**Data to examine:**
= = = = = = =
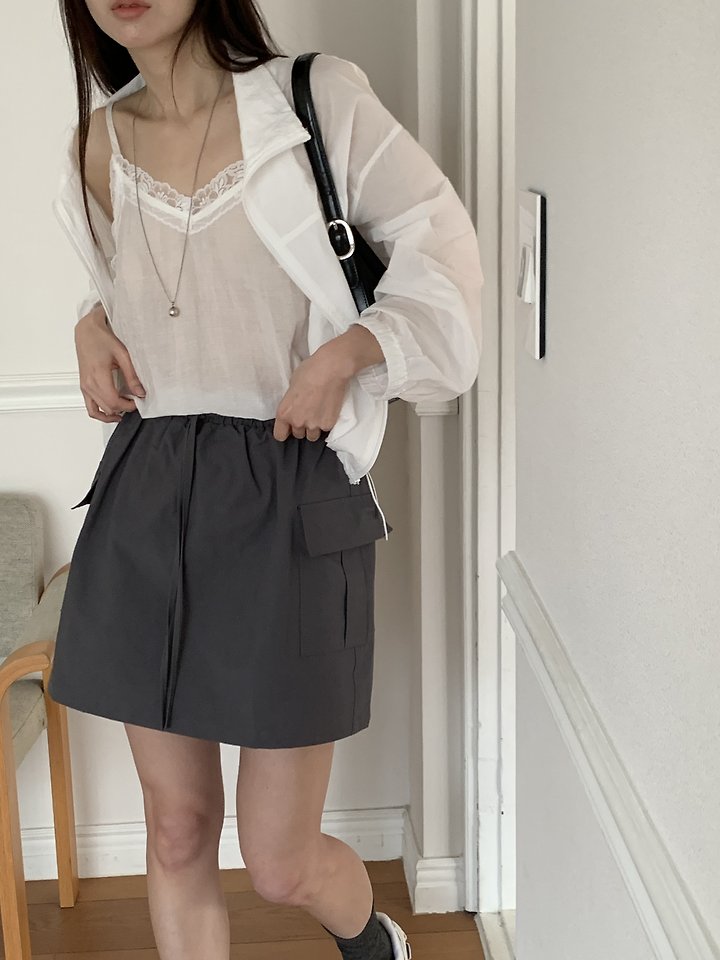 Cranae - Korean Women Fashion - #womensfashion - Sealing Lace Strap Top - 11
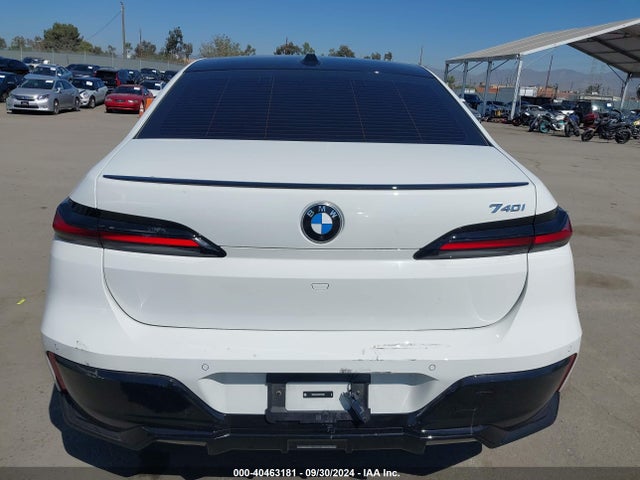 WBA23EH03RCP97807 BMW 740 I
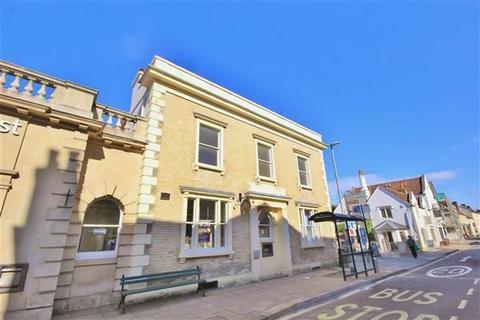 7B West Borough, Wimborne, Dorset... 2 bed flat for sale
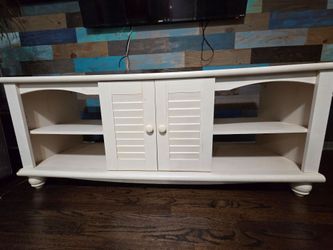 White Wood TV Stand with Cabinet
= = = = = = =
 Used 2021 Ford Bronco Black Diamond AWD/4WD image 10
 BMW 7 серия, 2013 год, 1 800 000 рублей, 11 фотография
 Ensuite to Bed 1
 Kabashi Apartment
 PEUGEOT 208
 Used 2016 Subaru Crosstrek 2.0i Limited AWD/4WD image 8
= = = = = = =
**Task to complete:** For this exercise, transcribe exactly the part of the records above that opens with the line containing "Cranae - Korean" and closes with the one containing "White Wood TV Stand with Cabinet". Pictures are not part of the copy.

**Solution for this exercise:**
 Cranae - Korean Women Fashion - #womensfashion - Sealing Lace Strap Top - 11
 WBA23EH03RCP97807 BMW 740 I
 7B West Borough, Wimborne, Dorset... 2 bed flat for sale
 White Wood TV Stand with Cabinet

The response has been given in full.